Nov 19, 2012 at 02:01 PM
I think this could be a lose/lose proposition.
granted Md fans are pompous asses. they haven't supported their football program over time (avg 36k fans this year) they haven't controlled their finances. and now they see joining the big 10 as their salvation.
The move may provide them with more money, but i cannot see them being more successful in sports competition. if they cannot win in football in the ACC how are they going to win in the big 10? at best the move is a wash in basketball. also i would think that the long travel times will have a negative effect on the olympic sports teams.
but this is not good news for the ACC. it has the potential to destabilize and destroy the conference.
i just hope the ACC sticks to its guns and gets the whole $50 million exit fee,
formerly gt |
Nov 19, 2012 at 02:21 PM
Nov 19, 2012 at 03:09 PM
I'm torn of course and lamenting the end of what we grew up with in the 70s and into the 80s as a tight-knit basketball conference.

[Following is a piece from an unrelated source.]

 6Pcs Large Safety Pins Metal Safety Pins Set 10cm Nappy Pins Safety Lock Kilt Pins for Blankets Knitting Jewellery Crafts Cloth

Those Adrian Branch versus Ralph Sampson Md-UVa games were a good balance to the Big 4 back in the day.
But looking forward, I can see the ACC becoming a true Atlantic coast conference by taking in (as is rumored) UConn and maybe expanding into the rest of the Big East footprint. I'll take UConn, St. Johns, Georgretown and 'Nova into the basketball fold any day.
I don't watch ACC football so I have no opinions there.
Account Deleted |
Nov 19, 2012 at 03:11 PM
I would prefer a school that plays basketball and football. That is the extent of my preference.
And yes Muraland does suck.
Nov 19, 2012 at 04:23 PM
Home to two of the most entertaining coaches we have ever seen, Driesell and Williams.
Nov 19, 2012 at 04:52 PM
this is why i watch pro sports. when players and teams make business decisions, there's no ill will.
boeheim will probably retire before playing an ACC tourney in greensboro.
all said, this was a good bottom line, recruitment and enrollment move by both rutgers and maryland.
sean coon |
Nov 19, 2012 at 05:59 PM
Ditto on the pro sports, and meh on big-time college athletics.
Andrew Brod |
Nov 19, 2012 at 06:13 PM
I think King James experienced some ill will for "The Decision".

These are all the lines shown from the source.